# Faker Or Real Old Boneshaker?



## In rust we trust (Jun 5, 2016)

From the daughters of a deceased collector I got the offer to obtain several bycicles. Among them is a boneshaker. As I never had the chance to buy one before and as you do'nt see them in the streets every day, I ask myself and you if this odd looking thing is the real deal or not? I've seen some boneshakers before but nothing like this. The frontwheel size is +/- 26". Not smart of me but I only took one picture, included. I have placed it on the bucket so you can DL and zoom in on it; 
	

	
	
		
		

		
			





[/URL][/IMG] 
the link is http://i1217.photobucket.com/albums/dd388/Derkdfbrother/bone shaker/DSC07497.jpg






[/URL][/IMG]


----------



## dfa242 (Jun 5, 2016)

Just walk away quietly - nothing to buy there.


----------



## catfish (Jun 5, 2016)

fake


----------



## Freqman1 (Jun 5, 2016)

That is strictly ornamental. V/r Shawn


----------



## Vincer (Jun 5, 2016)

I agree, just walk away.

Vince


----------



## highship (Jun 5, 2016)

walk away? he says "several bikes"....
lets see the others.


----------



## pelletman (Jun 5, 2016)

Yup, fake


----------



## In rust we trust (Jun 5, 2016)

There will be no walking away, just one bike less


----------



## Freqman1 (Jun 6, 2016)

So what were the other bikes? V/r Shawn


----------



## bikebozo (Jun 6, 2016)

here is a trick , if you know how to use the interweb- if you are searching for info , and or photo , goggle search ,the item , at the top , there will be images . click that , look at all the photos ,to compare to what you are wondering , ,I got kicked off the wheelmen site ,  so ,  I will be here , as long as no one objects , thanks for the CABE space ,


----------



## Brian R. (Jun 6, 2016)

I would be more generous and use the word "replica". It was owned by a collector, and he probably knew it wasn't genuine. Not everyone can afford a real boneshaker and there wouldn't be enough to go around in any case. He probably wanted a replica to show something like the evolution of bicycle design, or because it was fun. My point is that it still has some value. I will concede that it's not a particularly good replica but if it fell into my lap, I would paint the white parts black and see how it rides.


----------



## Freqman1 (Jun 6, 2016)

Brian R. said:


> I would be more generous and use the word "replica". It was owned by a collector, and he probably knew it wasn't genuine. Not everyone can afford a real boneshaker and there wouldn't be enough to go around in any case. He probably wanted a replica to show something like the evolution of bicycle design, or because it was fun. My point is that it still has some value. I will concede that it's not a particularly good replica but if it fell into my lap, I would paint the white parts black and see how it rides.

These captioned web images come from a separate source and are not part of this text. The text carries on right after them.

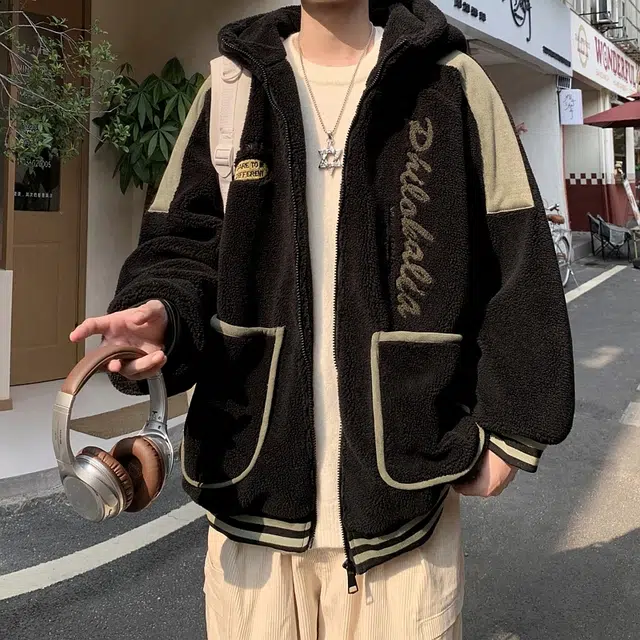 极限涡轮 美式高街风大码宽松毛绒加厚舒适保暖个性休闲百搭棉服 男女同款
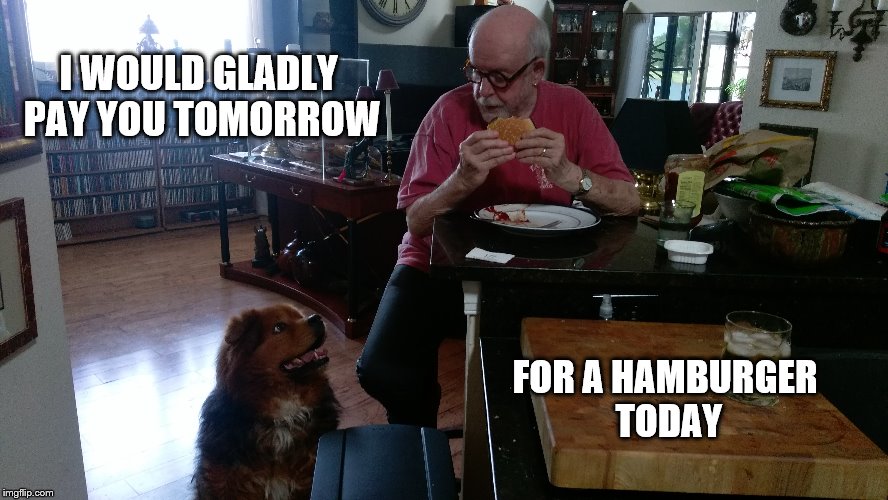The Full Wimpy | I WOULD GLADLY PAY YOU TOMORROW; FOR A HAMBURGER TODAY | image tagged in funny dogs | made w/ Imgflip meme maker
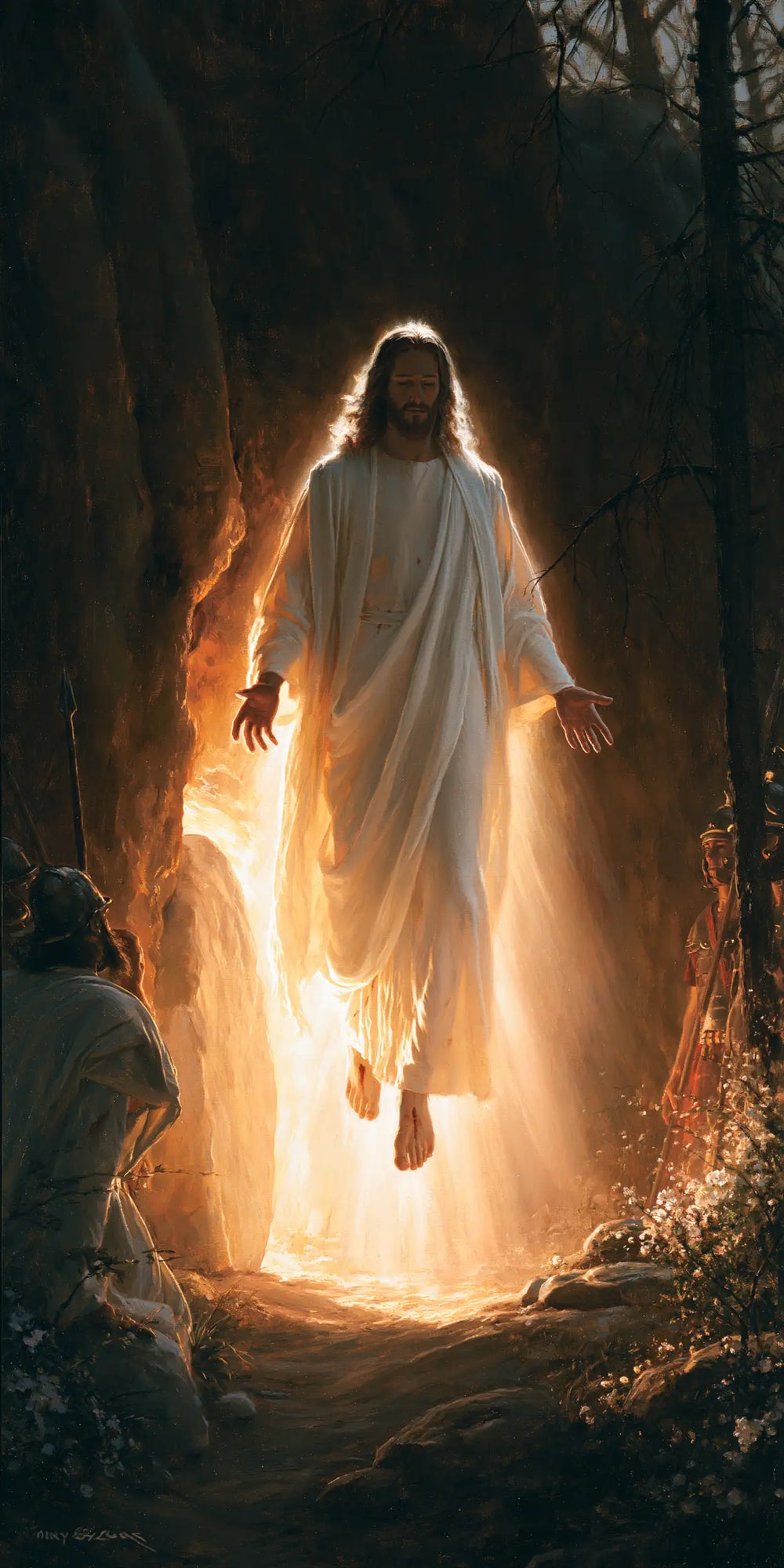 Resurrection of Jesus Christ in Explosion of Movement style, portrait Christian artwork no. 4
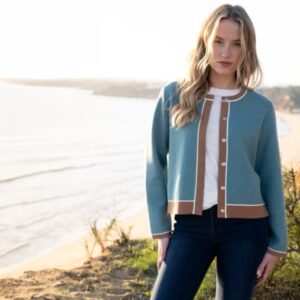 Marble 8108 Duck Egg Blue & Taupe Trim Cardigan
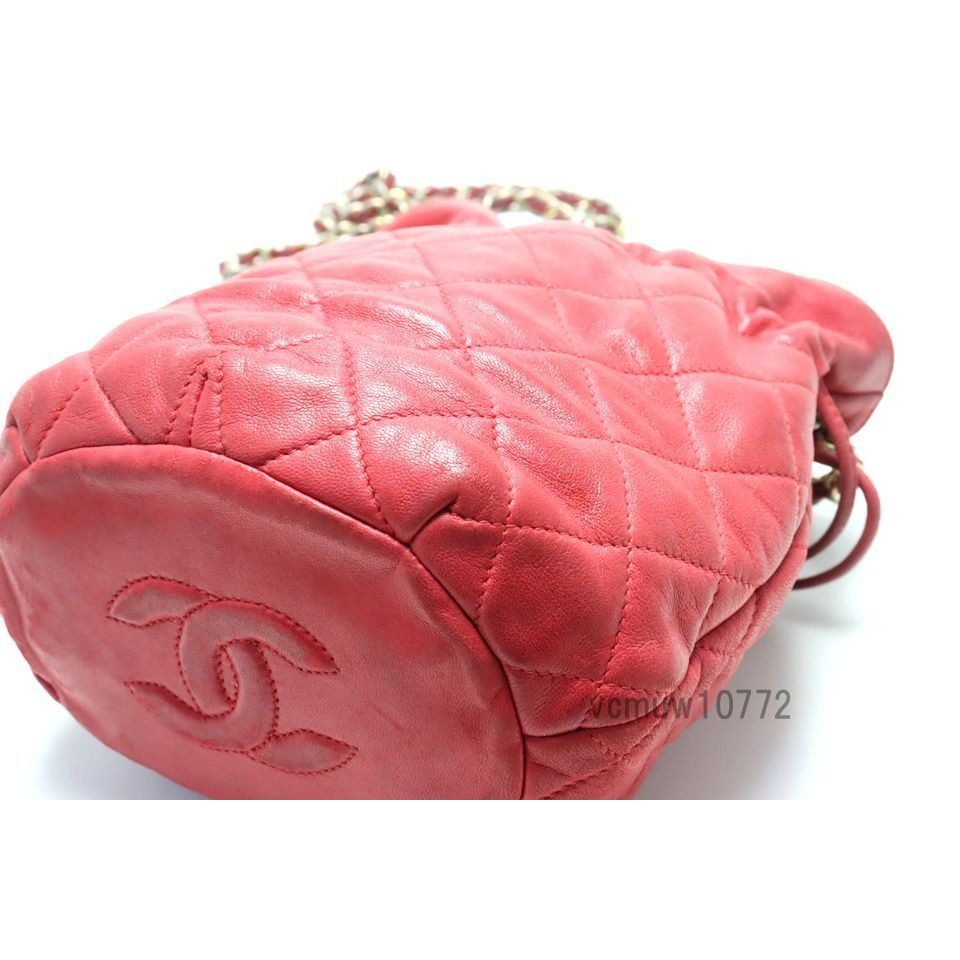 Chanel 0 Quilted Leather Chain Shoulder Bag Drawstring Pouch — view 4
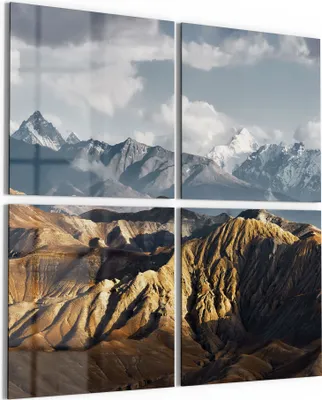 Produktbild von DEQORI Glasbild Echtglas 4x50x50 cm 'Bergkettenpanorama' Wandbilder XXL groß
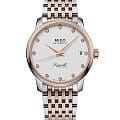 Mido Mido Baroncelli Heritage Lady M027.207.22.016.00  M0272072201600 механические женские часы бежевый циферблат, браслет сталь c pvd покрытием — вид спереди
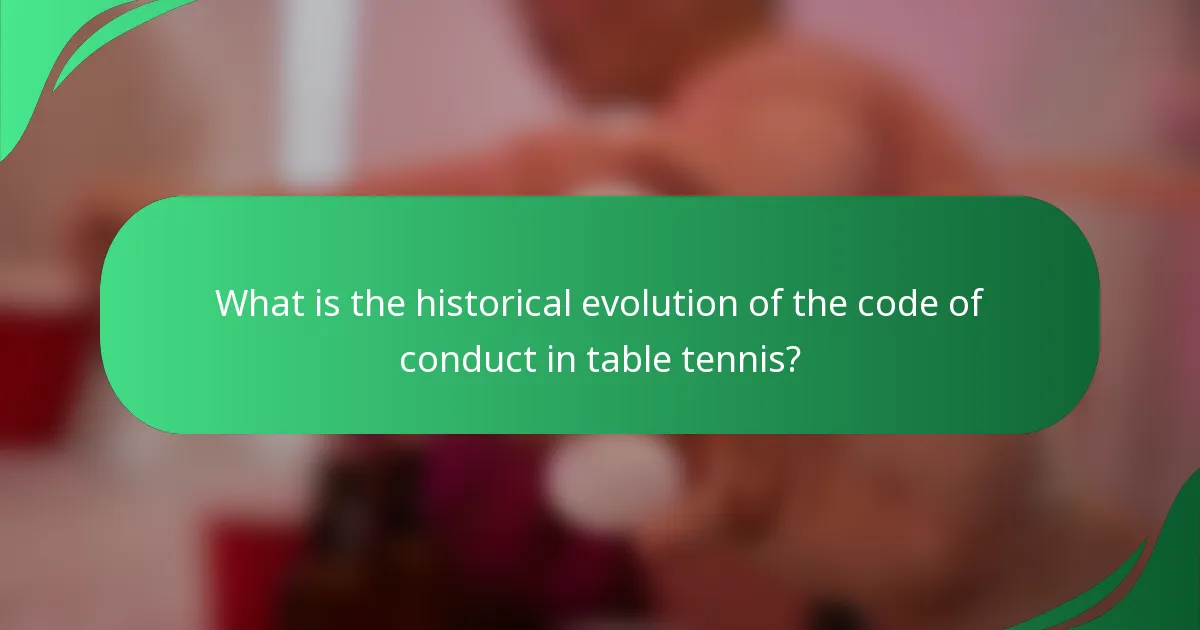 What is the historical evolution of the code of conduct in table tennis?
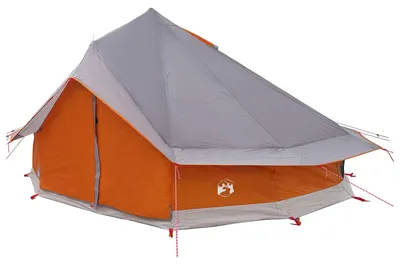 Produktbild von vidaXL Tipi Zelt mit Dach Grau und Orange 700 x 700 x 395 cm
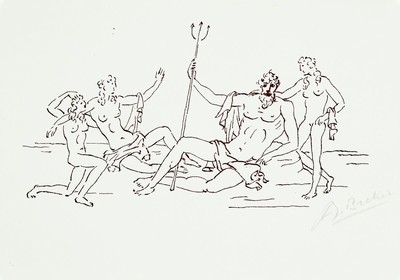 Arno Breker, 1900-1991, Neptun mit Gefolge, Lithographie, handsigniert, ca. 15x21cm, u.Gl., R. ca. 22x31cm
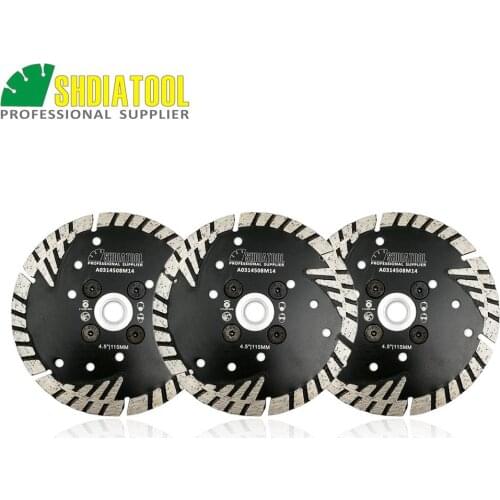 SHDIATOOL 3pcs 115mm Hot pressed Diamond turbo saw Blade with Slant protection teeth 4.5" stone concrete Diamond cutting disc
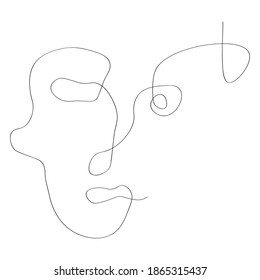 One Line Art Surreal Face. Abstract Minimalistic Art design for print, cover, wallpaper, Minimal and natural wall art. Vector illustration.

I'm not sure it would be able to be ridden. V/r Shawn


----------



## CrazyDave (Jun 6, 2016)

awww come on guys, if it is ridable, that thing would be fun as all get out to use.  Major bonus would be if it does break you arent on a 10K antique when it happens!  I'd give a little for that thing if I thought it was ridable, even with some work.....I dig it and wanna see what else the OP is bringing home!


----------



## Intense One (Jun 6, 2016)

There was no mention on how much the seller was asking for the "replica" bike.  It is cool...for bicycle artwork


----------



## CrazyDave (Jun 6, 2016)

Intense One said:


> There was no mention on how much the seller was asking for the "replica" bike.  It is cool...for bicycle artwork



Im thinkin for a few hundred I would have to have it and pimp that sucker to town for a whiskey run at least once


----------



## Intense One (Jun 6, 2016)

CrazyDave said:


> Im thinkin for a few hundred I would have to have it and pimp that sucker to town for a whiskey run at least once



Guess in' nobody and I like that idea.  Pimp that mofo...


----------



## Brian R. (Jun 7, 2016)

I was going to ask him how far he is from the U.S.-Canadian border because I could use even a poor replica in the traveling bicycle museum education program for schools I'm putting together for after my retirement from teaching, but I checked his profile and he's in Belgium. I'm not shipping that bad boy from Belgium! If it were mine, I would use the wheels, crank, and fork, and redo everything else to make really nice, ride-able boneshaker replica. And I would take it on a few whiskey runs too.  In-rust-we-trust, can you give us an update on how it's going with this machine and the rest of that collection?


----------



## bikebozo (Jun 7, 2016)

my old bike , now ridden by Carey Williams


----------



## bikebozo (Jun 7, 2016)

other examples


----------



## CrazyDave (Jun 7, 2016)

NICE!^^ if i ever hit the lottery....


----------



## Dan the bike man (Jun 7, 2016)

Intense One said:


> Pimp that mofo...




I like this line! When someone post a bike that isn't really worth correctly restoring, and it's rough shape. Just post this ^^ LOL!!!


----------



## bikebozo (Jun 7, 2016)




----------



## Andrew Gorman (Jun 7, 2016)

With a 26" wheel it;s probably too small for an adult to ride, and even if you are 4 foot eight, that trip to the liquor store is going to be slow one- kind of like riding a unicycle.  Wood wheels are available from Amishmen and plenty of ornamental blacksmiths would be happy to build you a frame.  Why not make a repro that works?


----------



## Dweber (Jun 8, 2016)

Anyone recognize the maker?


----------



## bricycle (Jun 8, 2016)

bikebozo said:


> View attachment 325829




Man-o-man, that HAS to be really old, that sucker is made from wood!!


----------